For the first rent notice, the owner demanded rent due in the amount of $2,750, while the tenants insisted that he had overcharged them $3,350 over the course of their tenancy. (Presumably, they were claiming an offset.) They tendered the rent due for the current month ($2,000), which the landlord rejected as a non-conforming payment before filing an unlawful detainer lawsuit.

During that lawsuit, the landlord provided a rent ledger with inconsistent information about deposits and testified that he was trying to sell the property vacant. The landlord ended up dismissing the lawsuit but served a new three-day notice the same day.

A few weeks later, the tenants filed a lawsuit against both the landlord and his attorney, alleging, among other things, that “the notice was designed to trick them into either paying an excessive amount of rent or vacating the premises, and there was “no good faith contemplation of litigation, and, in fact, Defendants never filed an unlawful detainer based upon the October 2 Notice prior to it being superseded’ by a subsequent three-day notice”. They also alleged that the landlord violated state law governing security deposits.

The attorney filed an anti-SLAPP motion, arguing that the tenants’ claims arose from protected activity because they were based on the unlawful detainer and actions that were “requisite precursors” to it. The attorney argued that the voluntary dismissal was not a termination in the tenants’ favor because he relied on information provided by the landlord, and the original notice allegedly understated the amount of rent due.

In the two prong anti-SLAPP analysis, the tenants did not dispute that the claims for wrongful eviction and malicious prosecution arose from protected activity for prong one (as they must), but contended that the claim related to misapplication of the security deposit did not. The court agreed, noting that the “principal thrust of the claim is the application of plaintiffs’ security deposit toward the payment of rent when they were not in default. Misuse of a security deposit is not an act in furtherance of the attorney defendants’ rights of free speech or petition, nor is it a communication preparatory to or in anticipation of litigation.”

In prong two, the burden shifted to the tenants to establish that they were likely to prevail on the wrongful eviction and malicious prosecution claims.
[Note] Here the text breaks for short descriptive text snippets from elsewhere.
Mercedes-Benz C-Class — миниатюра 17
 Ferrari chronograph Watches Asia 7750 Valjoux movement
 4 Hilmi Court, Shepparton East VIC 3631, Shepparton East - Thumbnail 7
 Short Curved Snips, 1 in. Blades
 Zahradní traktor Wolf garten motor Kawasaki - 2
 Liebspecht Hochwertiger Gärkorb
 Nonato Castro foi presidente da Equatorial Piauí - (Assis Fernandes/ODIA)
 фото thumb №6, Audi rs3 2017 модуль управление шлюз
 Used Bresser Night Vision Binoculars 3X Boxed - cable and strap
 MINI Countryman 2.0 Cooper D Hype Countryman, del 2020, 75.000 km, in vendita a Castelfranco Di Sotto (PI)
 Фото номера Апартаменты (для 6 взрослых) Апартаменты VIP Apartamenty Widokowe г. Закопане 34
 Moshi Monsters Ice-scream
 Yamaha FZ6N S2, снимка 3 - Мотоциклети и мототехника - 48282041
As for malicious prosecution, voluntary dismissal is presumed to be a favorable termination on the merits, unless proven otherwise (since a plaintiff does not generally abandon a meritorious action). A landlord cannot recover in an unlawful detainer based on a three-day notice that overstates the amount of rent due. The tenants produced evidence that the landlord failed to credit several thousand dollars of payments, and this permitted the inference that no rent was owed when the first notice was served.

As for wrongful eviction, the claims were based on the later notice (upon which the landlord never filed an unlawful detainer). The court noted that “A prelitigation communications such as this is privileged only when it relates to litigation that is contemplated in good faith and under serious consideration”.

“Whether a prelitigation communication relates to litigation that is contemplated in good faith and under serious consideration is an issue of fact. The failure to file a threatened action is one factor supporting a contrary inference of good faith and serious contemplation of future litigation.” The fact that the landlord did not file an unlawful detainer on the second notice created an inference that the landlord was using it tactically rather than for a lawsuit. The attorney defendant argued that this was explained by the plaintiffs creating a conflict of interest between him and the landlord (by suing both for malicious prosecution), but the court concluded that a finder of fact could reasonably reject that explanation, which was enough to defeat the motion.